Se hoje caiu em certo desuso a utilização do postal ilustrado, para difundir as caricaturas dos políticos, dos artistas em voga, as sátiras sociais ou criticas governamentais, no final do século passado, primeira metade do nosso, era um costume fomentado pelo comprador, pelos CTT, por editores privados, por artistas desconhecidos, ou grandes nomes da caricatura, como Celso Hermínio, Leal da Câmara, Alonso, Jorge Colaço, Valença, Stuart, Barradas…

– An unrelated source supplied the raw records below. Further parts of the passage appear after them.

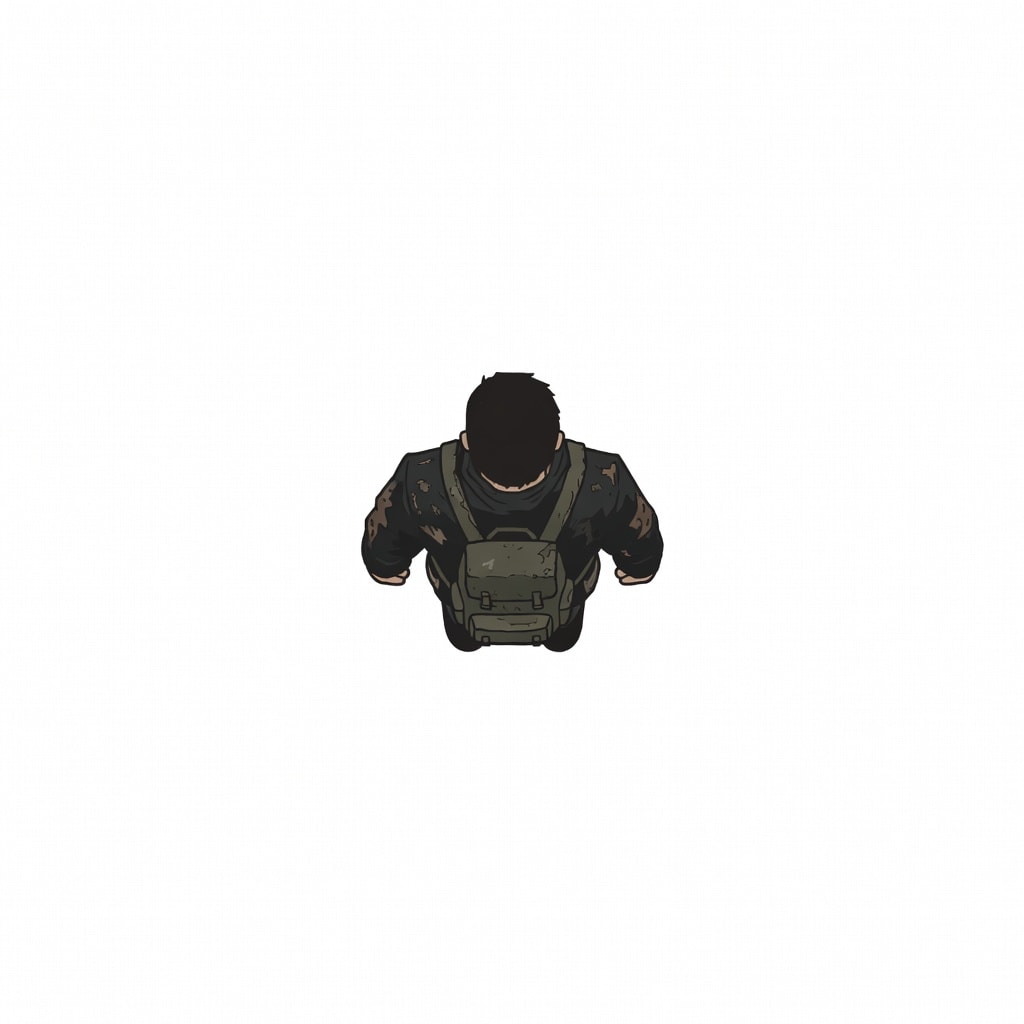 Survivor Player Top-Down Sprite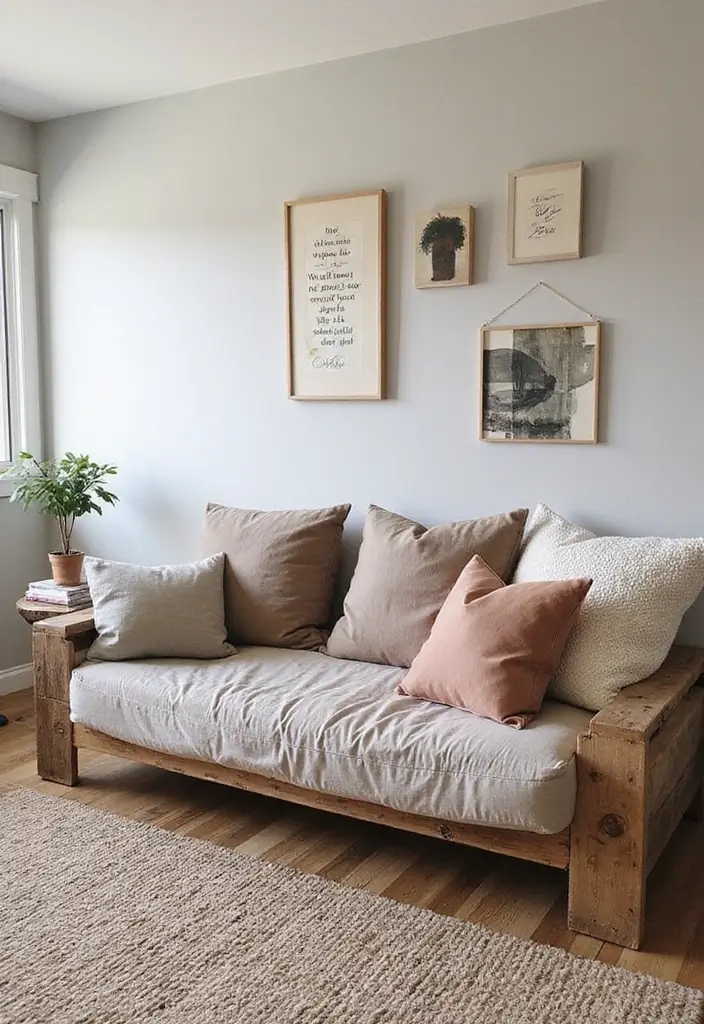 29 Living Room Seating Ideas That Maximize Comfort and Flow - 24. Creative DIY Seating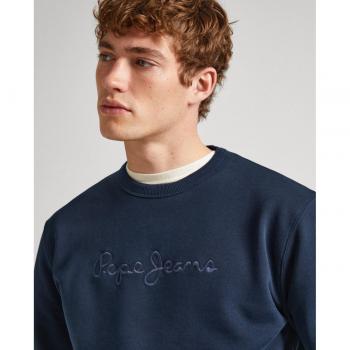 Sudadera Pepe Jeans Joe Crew Marino para Hombre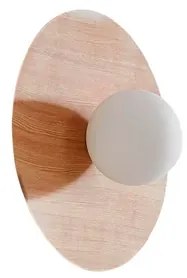 Zain Applique da Parete Wood/White - Lindby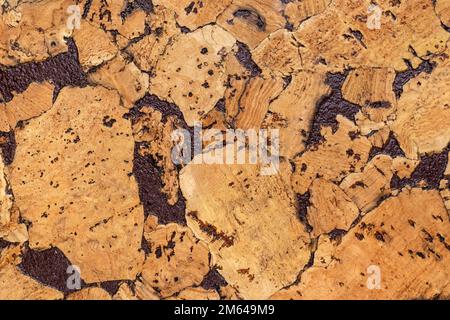 Texture of decoration material cork closeup, natural backgound Stock Photo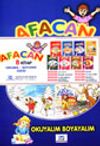 Afacan 8 Kitap Okuma - Boyama Dizisi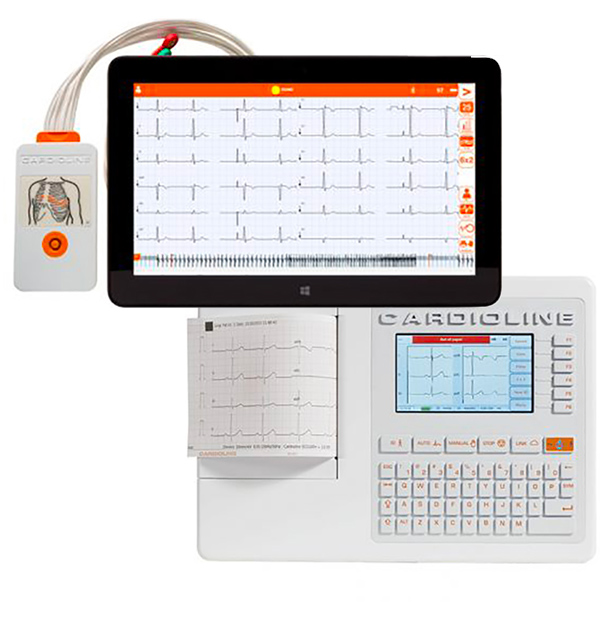 12 Lead ECG/EKG Machine w Interpretation Electrocardiograph Auto-analysed Result 700721208685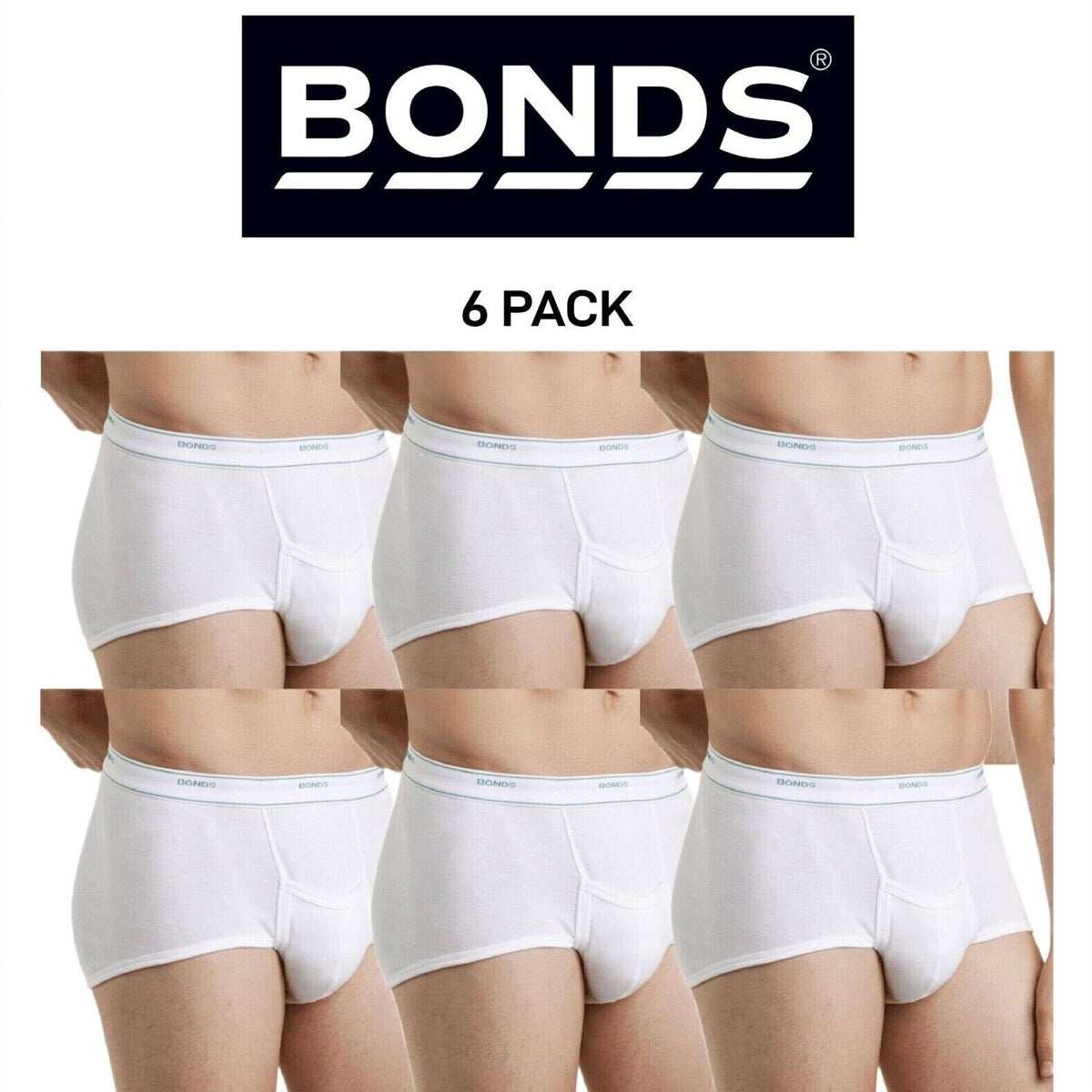 Bonds Mens Support Brief Provide The Ultimate Everyday Support 6 Pack M810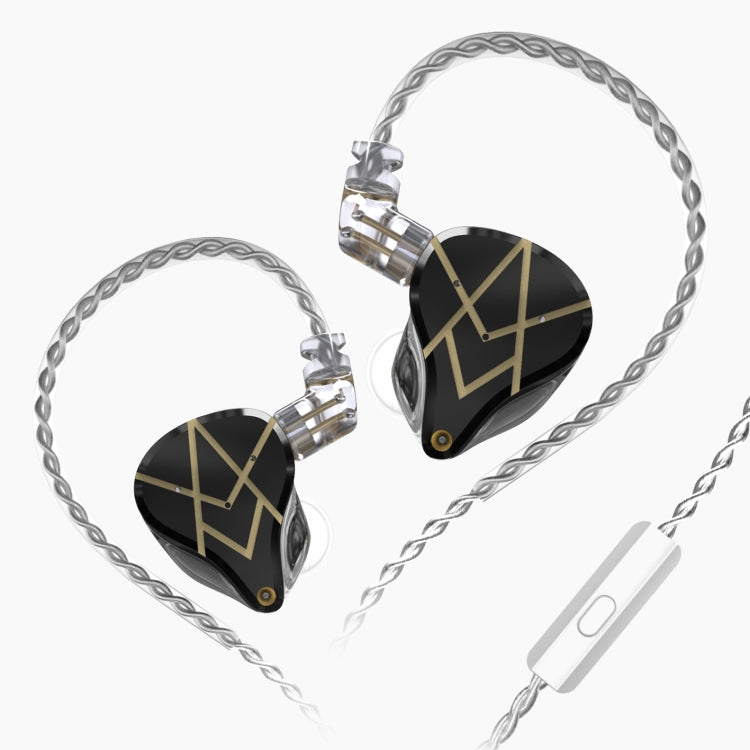 KZ ASX 20-unit Balance Armature Monitor HiFi In-Ear Wired Earphone With Mic(Black) - In Ear Wired Earphone by KZ | Online Shopping South Africa | PMC Jewellery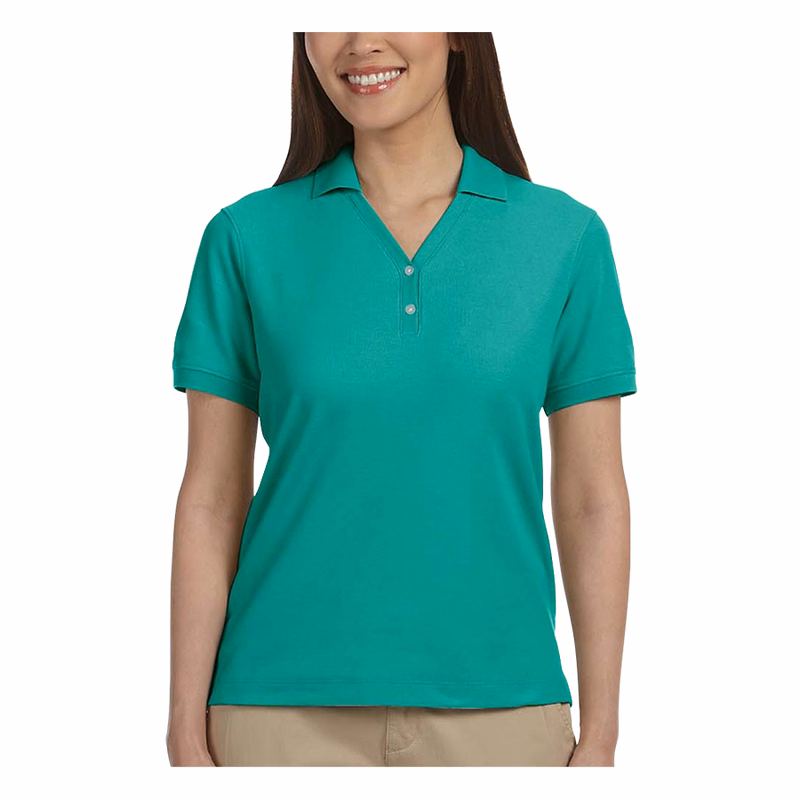Devon & Jones Ladies' Short-Sleeve Y-Collar Polo Shirts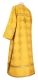 Clergy sticharion - Kostroma rayon brocade S3 (yellow-gold) (back), Standard design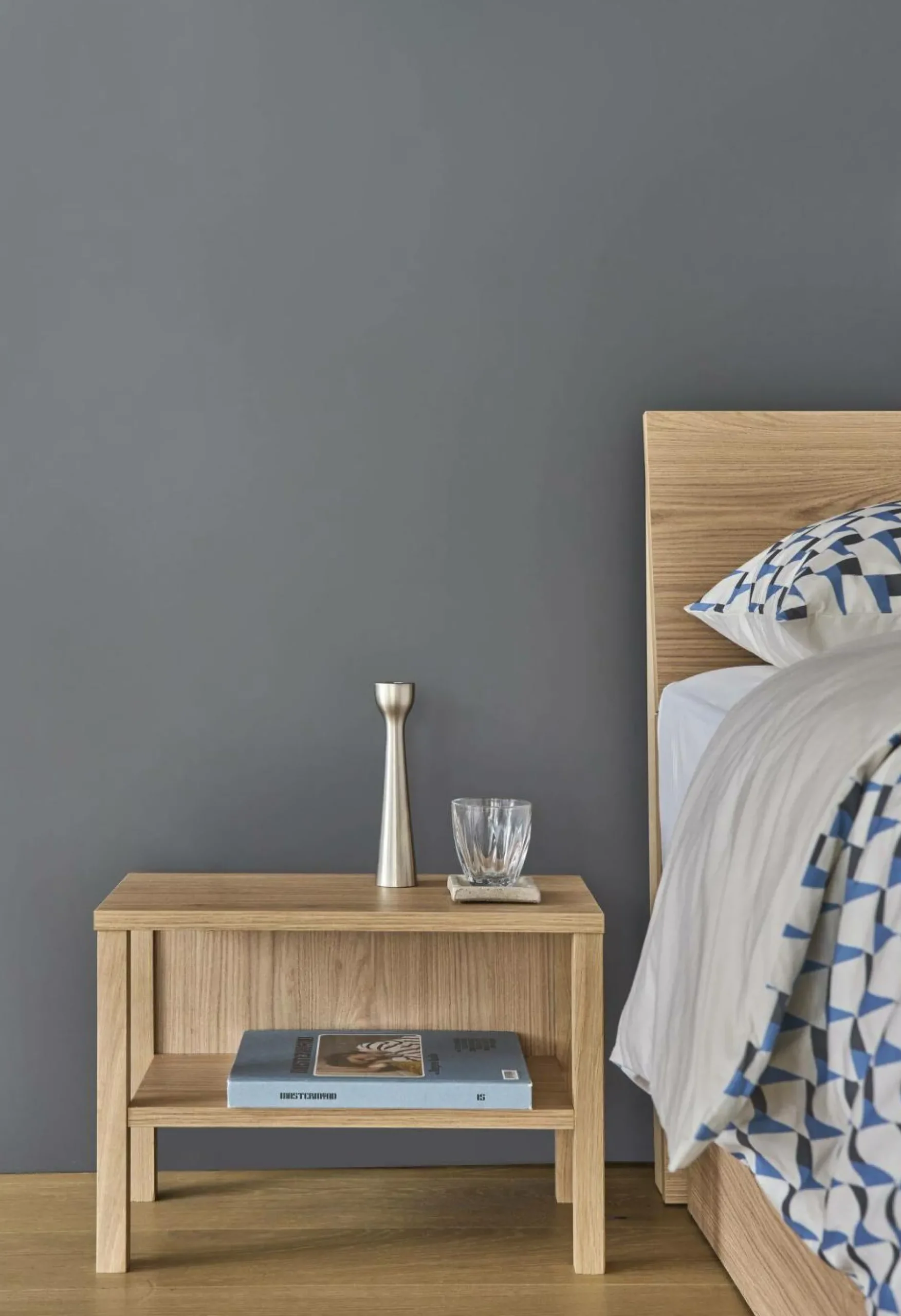 Taies D'Oreiller>Camif Lot de 2 taies d'oreiller coton bio Nautique Urbain - - 50 x 70 cm Bleu Gris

A caricatura tinha-se divulgado como revolução na visão, como expressão de uma abertura de horizontes estéticos, culturais e geográficos, sendo natural a exploração conjunta do postal ilustrado, como espelho fotográfico da imagem longínqua, ou como espelho «deformador» da interpretação crítica do mundo, numa aproximação de «verdades». Ambos são pontos de vista, são perspectiva trabalhadas, estudadas e oferecidas ao público, seja como realismo ou híper-realismo.

Com estes postais, verifica-se a realização gráfica, não só da opinião de um artista, mas a reconversão da opinião do autor-criador, na opinião pessoal do remetente / endereçado no postal. Dessa forma o público vive a sátira, a ironia, ou o humor, como crítica de opinião assumidas, como diálogo democratizado pelo riso compartilhado.

É também um diálogo estético, já que o consumidor procura o postal, não só pelo conteúdo de comunicação humorística-crítica, mas também pelo gosto do traço de um artista. O postal satírico é a arte que invade o quotidiano das gentes. São as gentes que invadem a opção estética de um artista pela consagração-compra, na difusão da arte em processo primário de reprodução. O artista não se vende ao público, nem o público se vende à concepção estética. O postal, ou a reprodução é apenas um encontro, nesta caso coim piada.

Quando essa troca de postais humorísticos era costume, era moda, o público ria-se dos políticos, riam-se das políticas, riam-se com o mundo… continuando a votar nos políticos que não governam, continuando a amargar as políticas de impostos, sofrendo o mundo, mas riam-se…

Riam-se das paixões pelas vedetas, amavam os seus ídolos pelo riso caricatural, adoçavam a diferença dos mundos da realidade e sonho, pelo humor.

Hoje, o político, a política, a vedeta, o ídolo, o mundo não mudou, mas parece não haver coragem para se rirem de si próprios, ou do mundo, preferindo a +psicanálise. Por uma sessão pagam mais do que por um postal ilustrado, não se riem, e tudo fica na mesma.

Procurando levar-se a sério, pois mais ninguém o leva, o homem faz do humor uma discussão de arte, cultura ou intelectualismo; faz do postal um entretenimento de colecionador, enquanto as pessoas se fecham em mutismo de solidão.

E que tal enviar um postal satírico ao psicanalista?